#### Task instructions
For each line below that contains the word "Blue", make a copy.

[Dataset excerpts]
________________________________________

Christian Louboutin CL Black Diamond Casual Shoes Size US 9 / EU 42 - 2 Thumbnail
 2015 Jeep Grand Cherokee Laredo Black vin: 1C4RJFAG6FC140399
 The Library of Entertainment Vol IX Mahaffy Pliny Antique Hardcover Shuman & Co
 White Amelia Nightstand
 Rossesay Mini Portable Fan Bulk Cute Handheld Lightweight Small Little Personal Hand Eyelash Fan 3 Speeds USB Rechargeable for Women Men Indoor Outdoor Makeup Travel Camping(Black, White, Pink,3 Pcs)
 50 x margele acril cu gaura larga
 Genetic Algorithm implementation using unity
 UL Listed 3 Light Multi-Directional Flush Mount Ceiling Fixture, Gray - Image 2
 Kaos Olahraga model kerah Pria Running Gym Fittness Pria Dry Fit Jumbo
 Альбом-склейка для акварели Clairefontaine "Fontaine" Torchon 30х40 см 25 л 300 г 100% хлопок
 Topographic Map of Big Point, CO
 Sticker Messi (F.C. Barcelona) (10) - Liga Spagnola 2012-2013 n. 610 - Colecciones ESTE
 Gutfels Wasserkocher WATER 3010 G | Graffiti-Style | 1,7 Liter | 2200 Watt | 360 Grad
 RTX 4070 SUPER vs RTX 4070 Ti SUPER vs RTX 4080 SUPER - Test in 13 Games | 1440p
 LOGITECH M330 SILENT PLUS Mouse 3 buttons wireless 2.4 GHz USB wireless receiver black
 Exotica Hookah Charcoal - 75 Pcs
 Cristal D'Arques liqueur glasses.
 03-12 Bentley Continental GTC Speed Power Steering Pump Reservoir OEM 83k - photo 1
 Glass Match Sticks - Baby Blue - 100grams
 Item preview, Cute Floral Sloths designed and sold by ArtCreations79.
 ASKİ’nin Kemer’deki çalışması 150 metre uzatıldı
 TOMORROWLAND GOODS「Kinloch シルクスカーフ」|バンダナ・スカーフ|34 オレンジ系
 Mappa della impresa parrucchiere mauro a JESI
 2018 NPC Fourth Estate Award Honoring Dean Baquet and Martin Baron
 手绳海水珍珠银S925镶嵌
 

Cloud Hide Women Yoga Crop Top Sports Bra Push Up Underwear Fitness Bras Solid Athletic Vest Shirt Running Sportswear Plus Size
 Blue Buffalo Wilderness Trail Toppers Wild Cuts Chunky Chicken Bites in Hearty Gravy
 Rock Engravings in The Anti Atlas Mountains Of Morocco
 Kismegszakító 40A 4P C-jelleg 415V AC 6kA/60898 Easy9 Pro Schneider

________________________________________

#### Response area
 Glass Match Sticks - Baby Blue - 100grams
 Blue Buffalo Wilderness Trail Toppers Wild Cuts Chunky Chicken Bites in Hearty Gravy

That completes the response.